After we checked out, we kissed and parted and I went to Publix and bought a few things I need for tomorrow when Jessie and Vergil and Vergil's mama, who is visiting, are going to come out for pancakes. Lily and the boys are coming too and then the boys are staying when their mama goes to work. So it will be another busy day. I am so sorry that the weather has been so vile for Julia's visit. She brought her bike with plans to explore a bit around here but I don't know if she's done that or not. I think she helped Vergil with the kitchen project today. She is a very fine carpenter, as well as being a professional musician and potter and fabric artist and gardener and, oh, take my word for this- the woman is extremely talented.
And nice. I am honored to have her as a sister-mother. And soon, sister-grandmother.

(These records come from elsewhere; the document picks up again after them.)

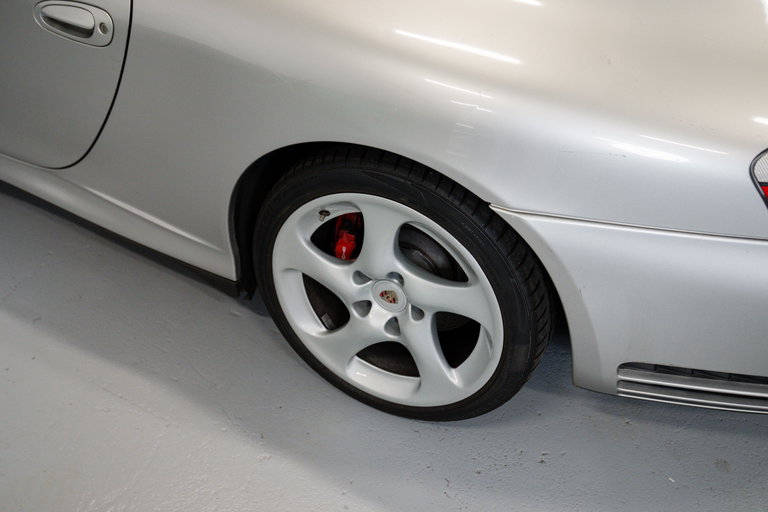 Porsche 996.2 Carrera 4S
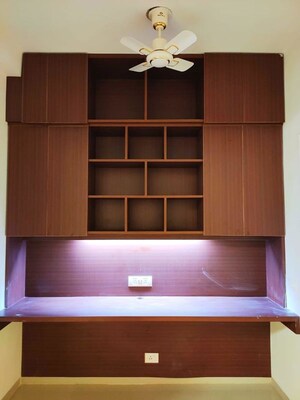 Furnished Amenities in 4 BHK Apartment at Emaar Palm Hills, Sector 77 – for Sale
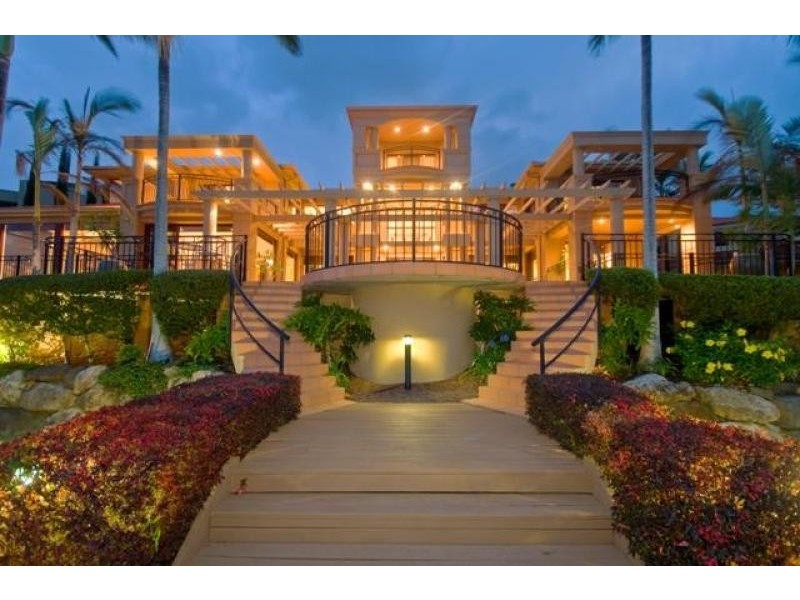 41 Istana View CLEAR ISLAND WATERS 4226, Clear Island Waters QLD 4226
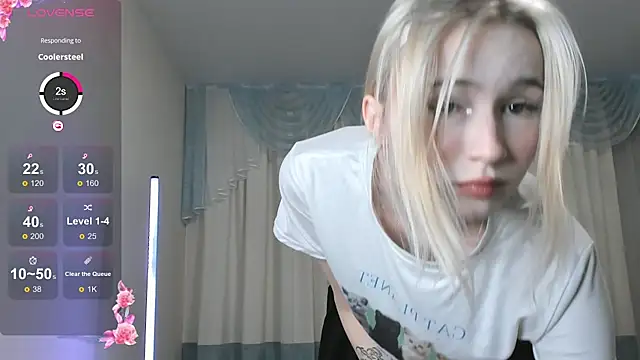 Snapshot of l1sa_spears chatting on October 4, 6:06 pm l1sa spears online show from October 4, 6:06 pm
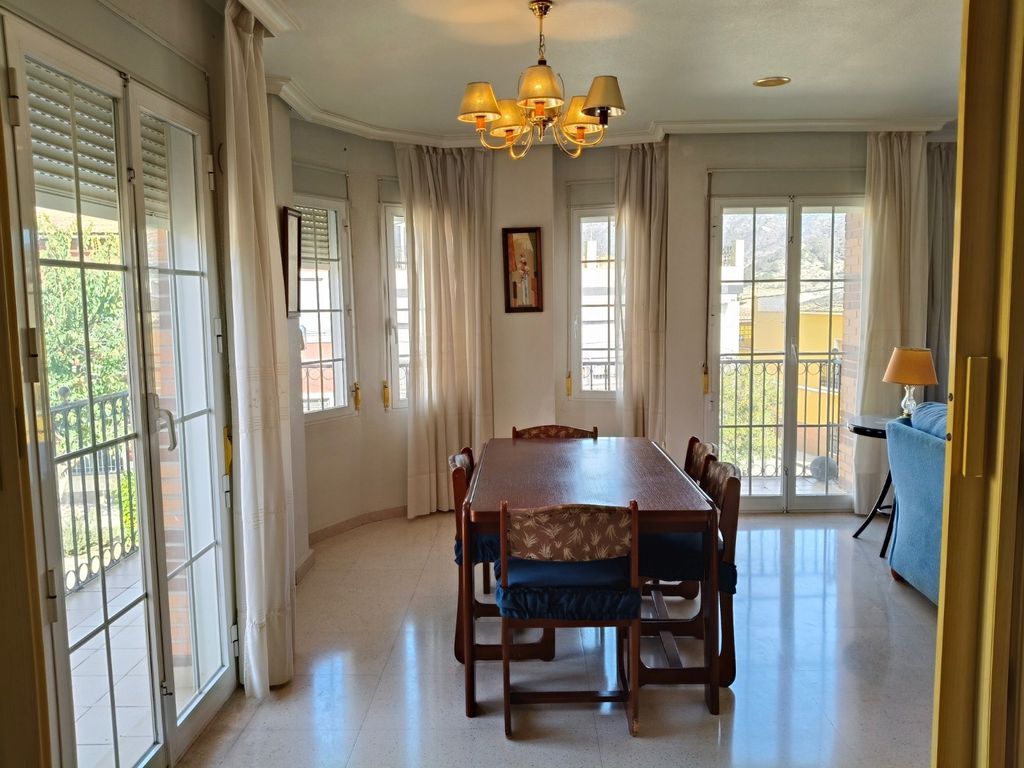 Property photo 2 of 22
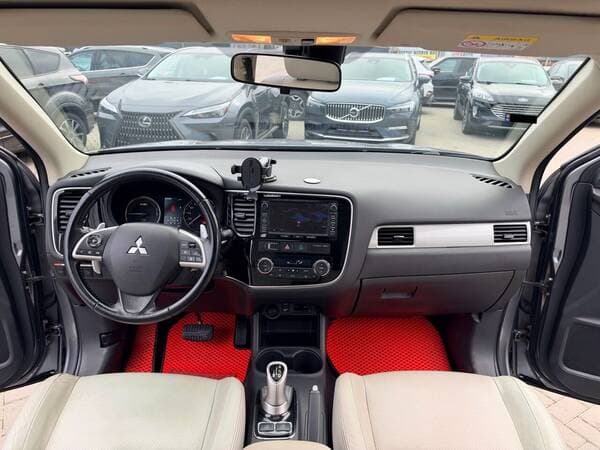 2015 Mitsubishi Outlander — Miniatură 8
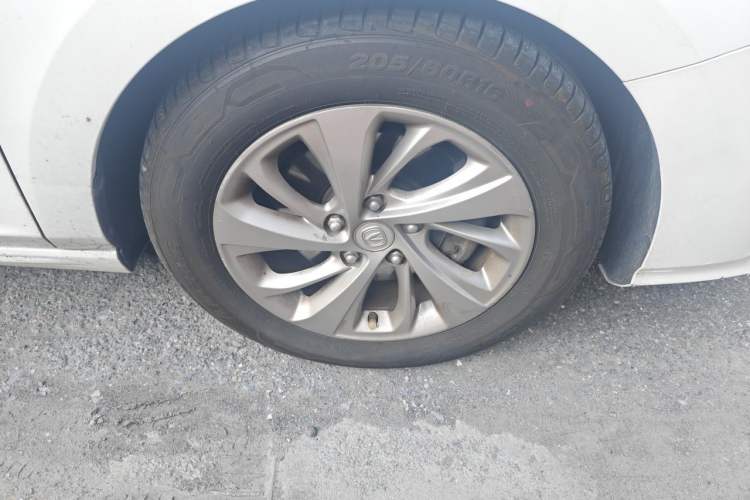 Used CHANGAN Raeton CC 2018 1.5T Automatic Elegant Version China V Standard Right Front Wheel Hub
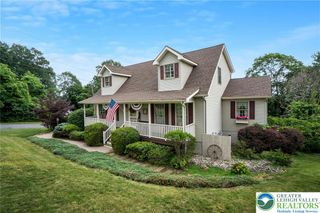 2300 Woodridge Terrace, Easton, PA 18045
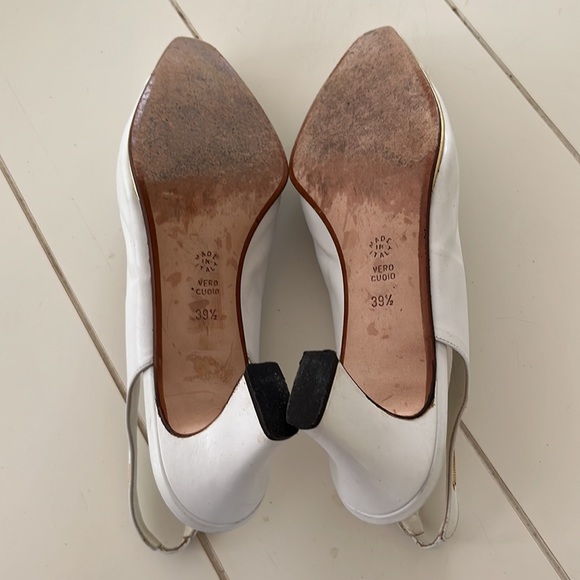 Vintage Nando Muzi White Leather Sling Backs, Gold trim, fits US 8.5, - Picture 6 of 7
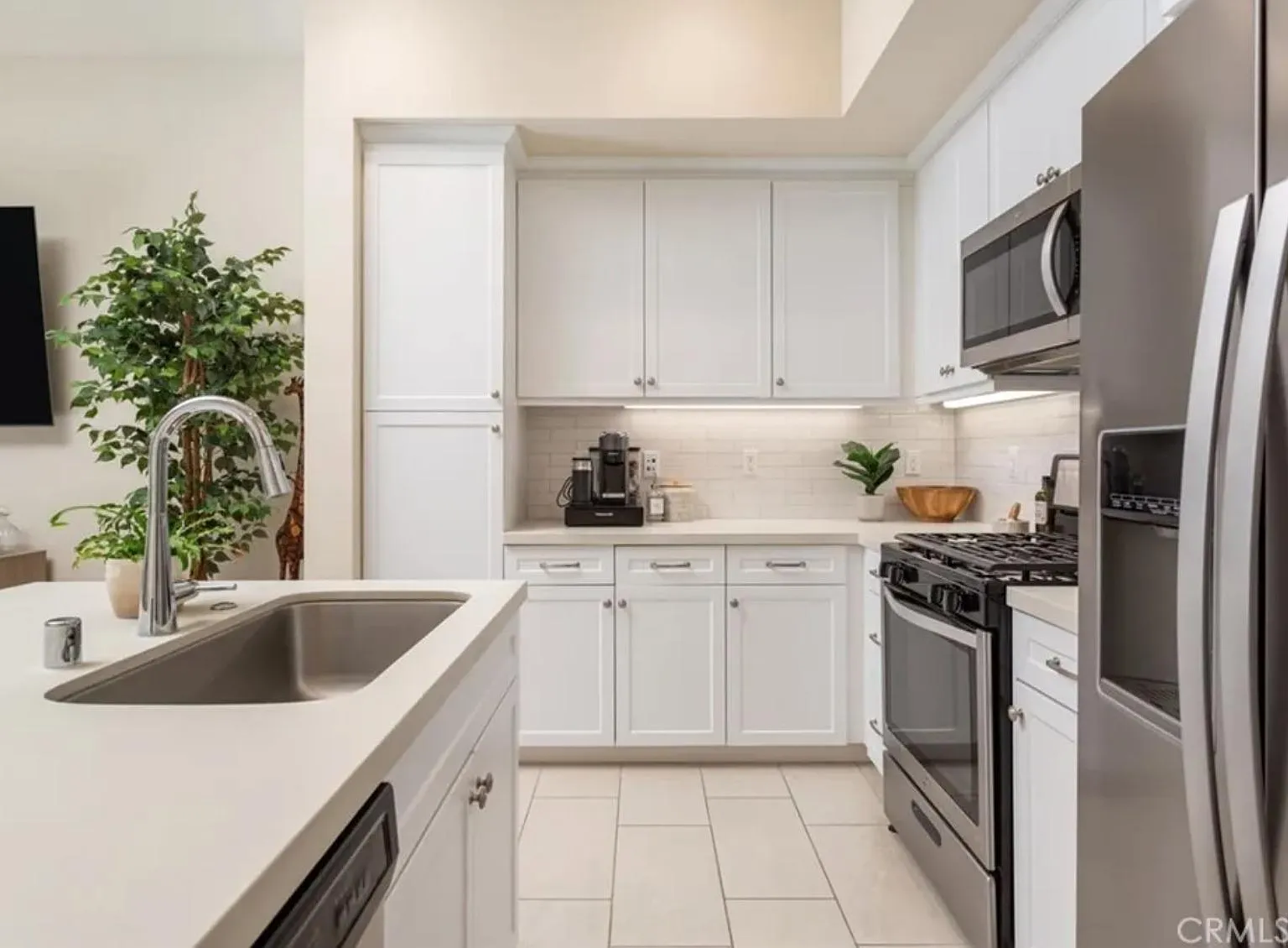 2 bed, 2.5 bath, 1165 sqft, $4,085 — Photo 4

I'm glad I got out and I'm glad to be home. I'm glad people are coming over tomorrow morning and it will be fun to make great platters of pancakes and maybe some fruit salad and bacon, of course. I wish it were going to be pretty and we could eat outside but I fear it will not be. Oh well. The house will be cozy and warm and smell of bacon and coffee and pancakes and the boys will be running around, happy to be back at Mer and Bop's where there is always something to do, somewhere to hide, some adult to coerce into doing their bidding.
Me, usually.
And perhaps the rain will back off and it will be warm enough for Boppy to take them down to Bug's house to fish for bream in the pond.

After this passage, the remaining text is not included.